::: Dataset content
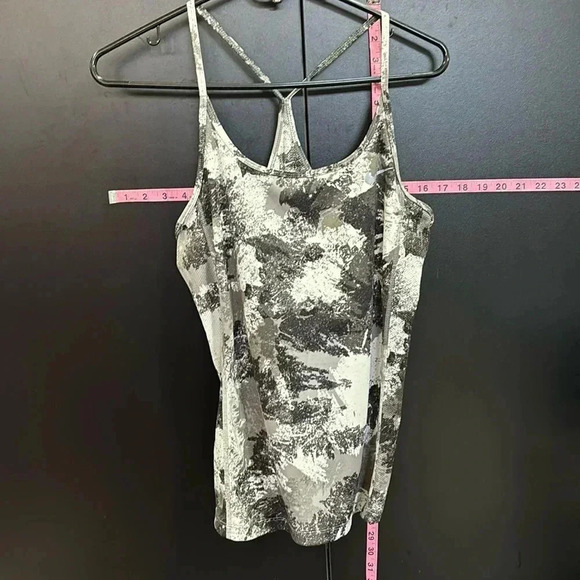 Nike Dri-Fit Sheer Thin strap Y-back,pattern, athletic tank top - Picture 2 of 6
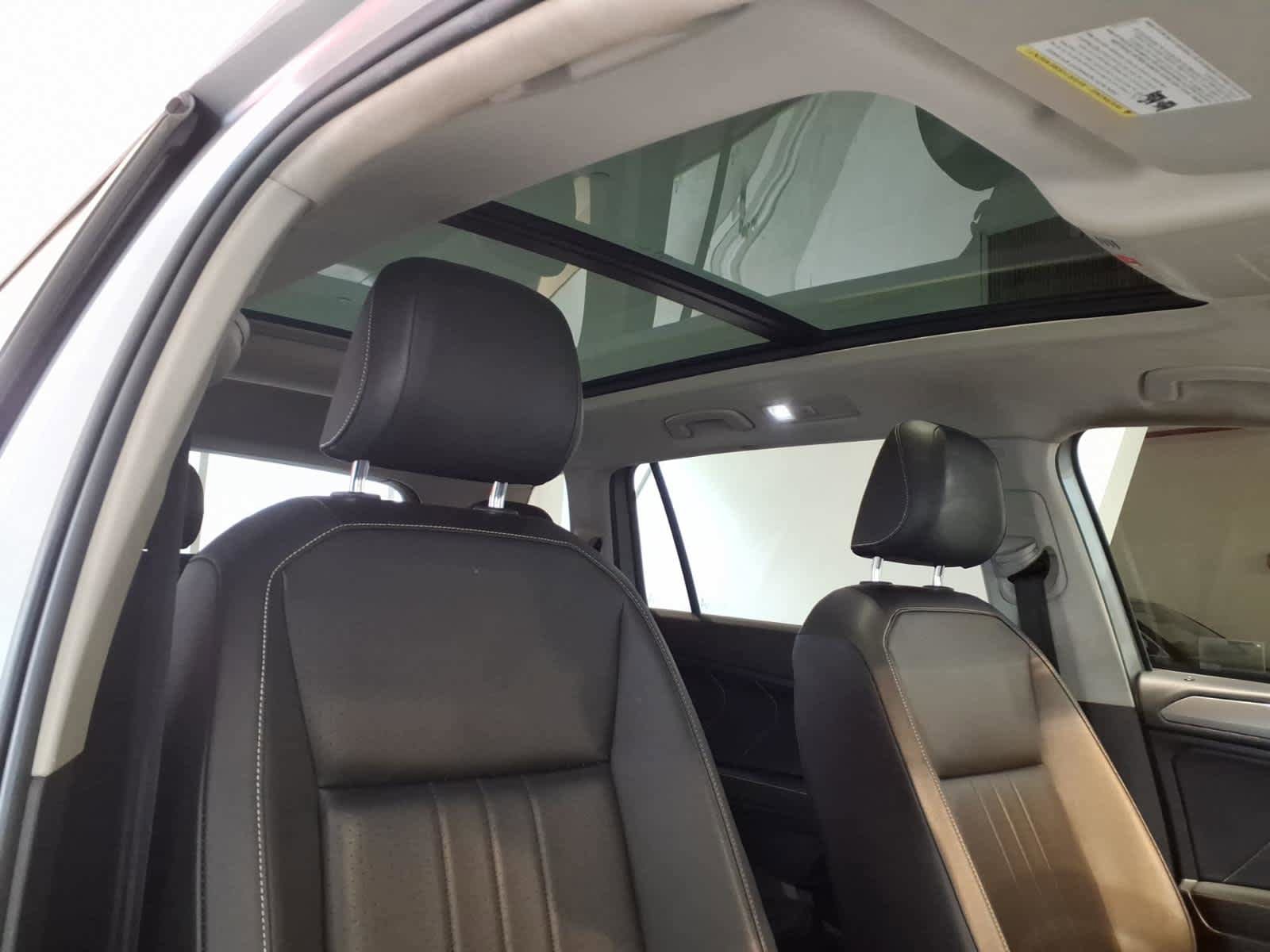 Used 2022 Volkswagen Tiguan SE AWD/4WD image 22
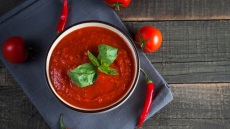 4 μύθοι και αλήθειες για το μαγείρεμα της ντομάτας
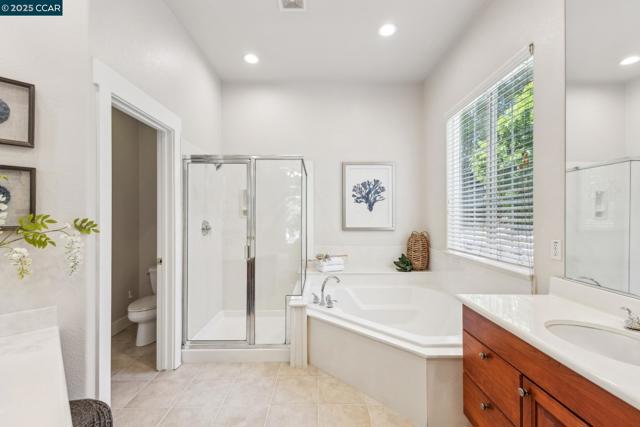 4280 Marietta Ct, Concord CA: https://media.crmls.org/mediaz/cc7c1cd5-2081-41ba-b588-69ce5f7704bd.jpg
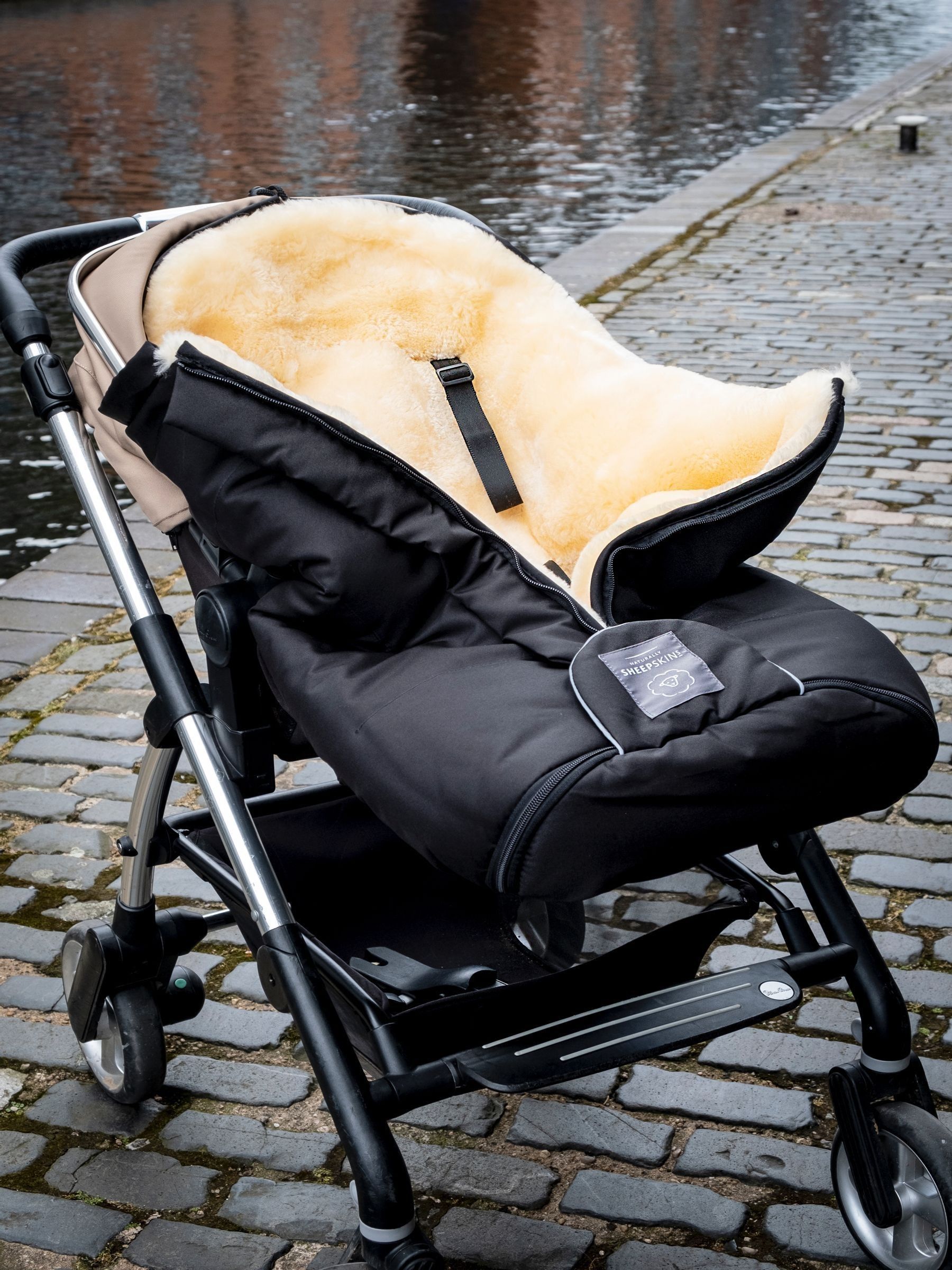 Naturally Sheepskins Black Merino Sheepskin Footmuff - Image 3 of 6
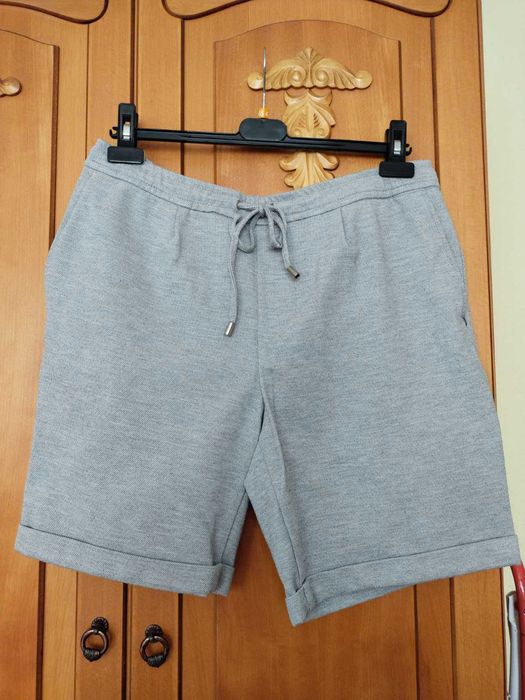 Оригінальні чоловічі  сірі шорти ZARA XL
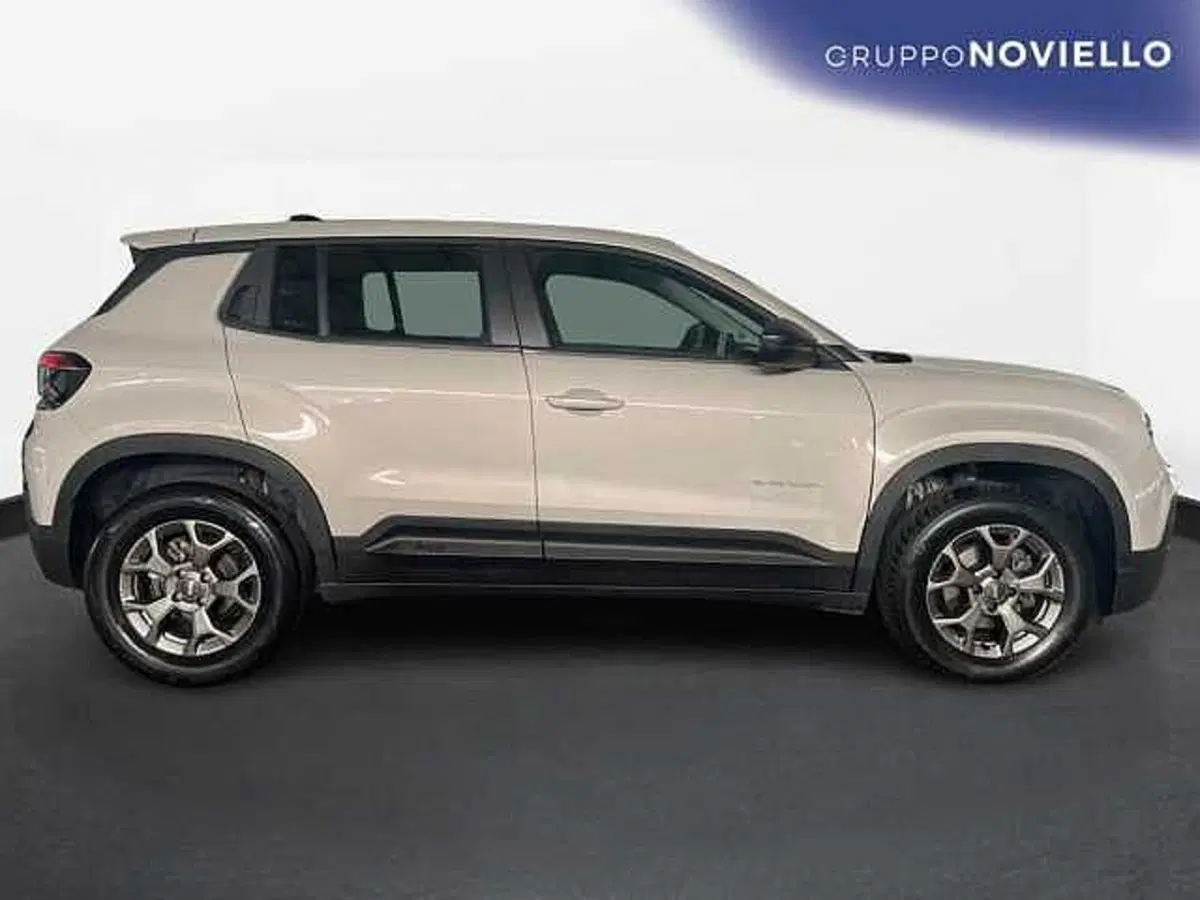 Jeep Avenger usata a Salerno (3)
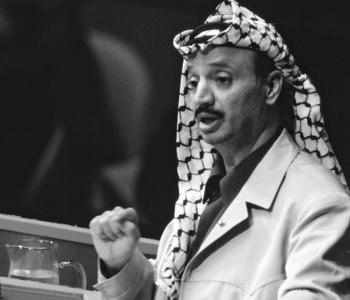 "Vengo con el fusil del combatiente de la libertad en una mano y la rama de olivo en la otra. No dejen que la rama de olivo caiga de mi mano."

Yasser Arafat.

Discurso ante la Asamblea General de la ONU, 1974.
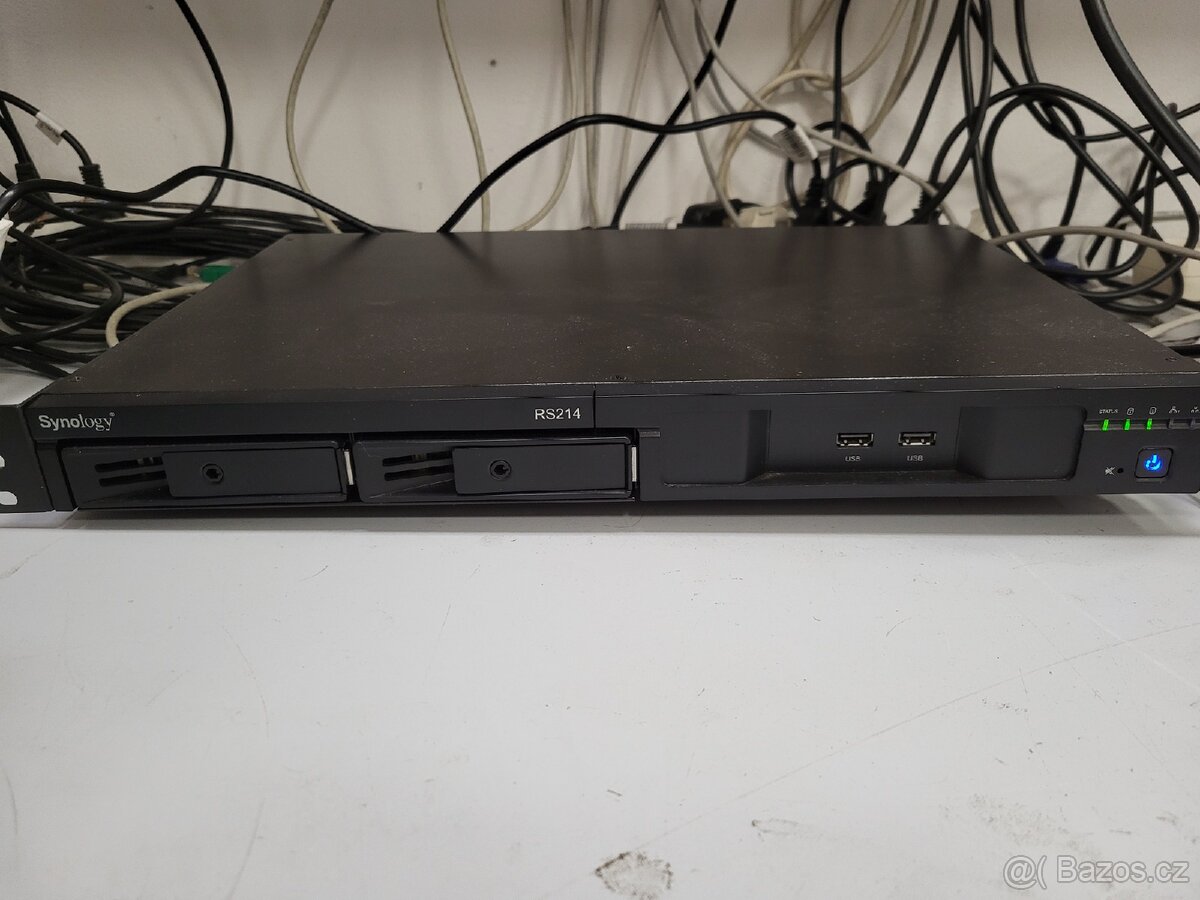 Synology NAS RS214 + 2x4TB HDD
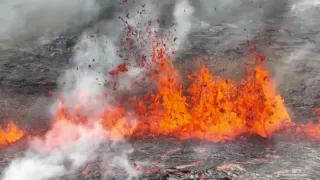 В Ісландїі вивергається вулкан неподалік столиці /A volcano erupts in Iceland near the capital.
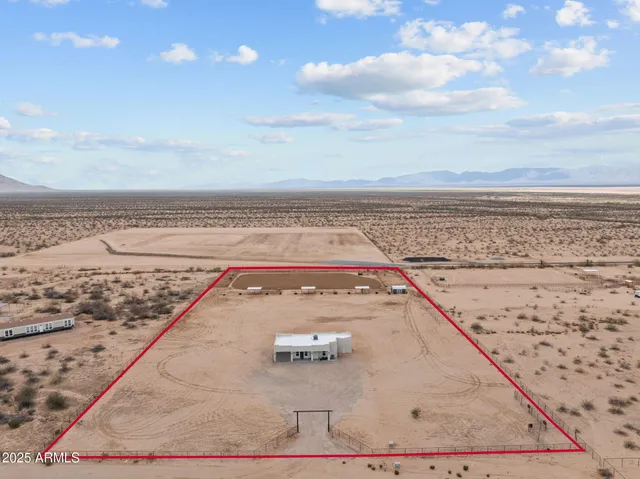 $910,000 | 49102 North 530th Drive, Aguila, AZ 85320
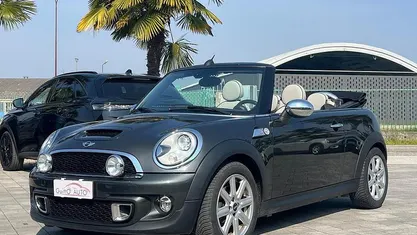 Usata Mini Cooper SD Cabriolet Hype 170 CV (125 kW) 2015 Cabrio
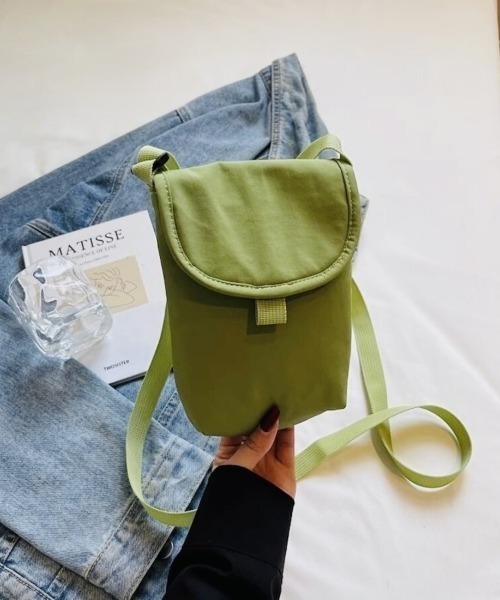 Beststore(ベストストア)の「シンプル&機能的!ミニショルダーバッグ(ショルダーバッグ・レディース・ベージュ/レッド/イエロー/グリーン/ブルー/ブラック/ホワイト・FREE)」の5枚目の写真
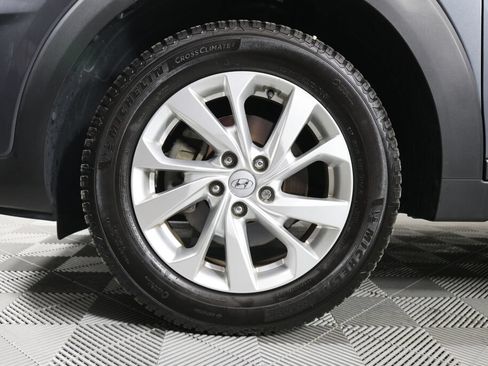 Used 2019 Hyundai Tucson Value AWD/4WD image 9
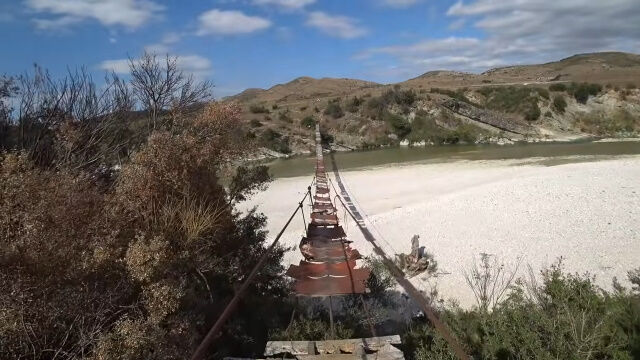 ���ʤ������Ϥꤿ���ʤ�������Х˥��ˤ��붲�������������ߤ궶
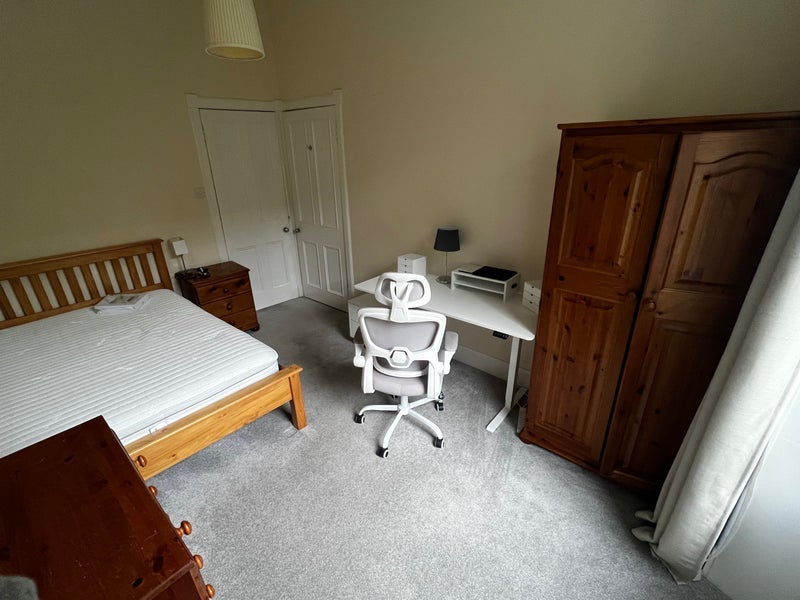 Room Comely Bank Street in City of Edinburgh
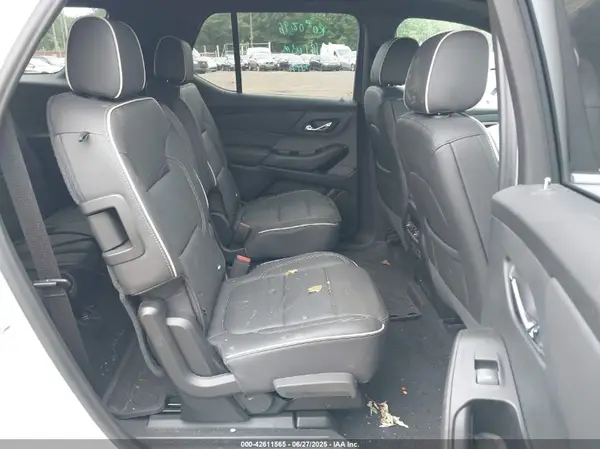 1GNEVKKW8PJ178139 2023 CHEVROLET TRAVERSE - Image 8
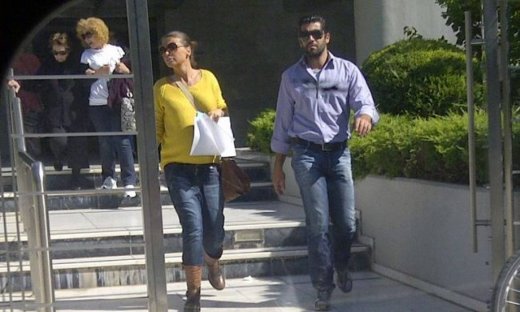 Συμβαίνει τώρα: Πού πετύχαμε τη Νίνα Λοτσάρη με το σύζυγό της;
::::::
* _Activity_:
Only the lines from the one containing "Jeep Avenger usata a Salerno (3)" through the final line of the records should be retyped, exactly, with every picture omitted.

* _Solution for this exercise_:
 Jeep Avenger usata a Salerno (3)
 "Vengo con el fusil del combatiente de la libertad en una mano y la rama de olivo en la otra. No dejen que la rama de olivo caiga de mi mano."

Yasser Arafat.

Discurso ante la Asamblea General de la ONU, 1974.
 Synology NAS RS214 + 2x4TB HDD
 В Ісландїі вивергається вулкан неподалік столиці /A volcano erupts in Iceland near the capital.
 $910,000 | 49102 North 530th Drive, Aguila, AZ 85320
 Usata Mini Cooper SD Cabriolet Hype 170 CV (125 kW) 2015 Cabrio
 Beststore(ベストストア)の「シンプル&機能的!ミニショルダーバッグ(ショルダーバッグ・レディース・ベージュ/レッド/イエロー/グリーン/ブルー/ブラック/ホワイト・FREE)」の5枚目の写真
 Used 2019 Hyundai Tucson Value AWD/4WD image 9
 ���ʤ������Ϥꤿ���ʤ�������Х˥��ˤ��붲�������������ߤ궶
 Room Comely Bank Street in City of Edinburgh
 1GNEVKKW8PJ178139 2023 CHEVROLET TRAVERSE - Image 8
 Συμβαίνει τώρα: Πού πετύχαμε τη Νίνα Λοτσάρη με το σύζυγό της;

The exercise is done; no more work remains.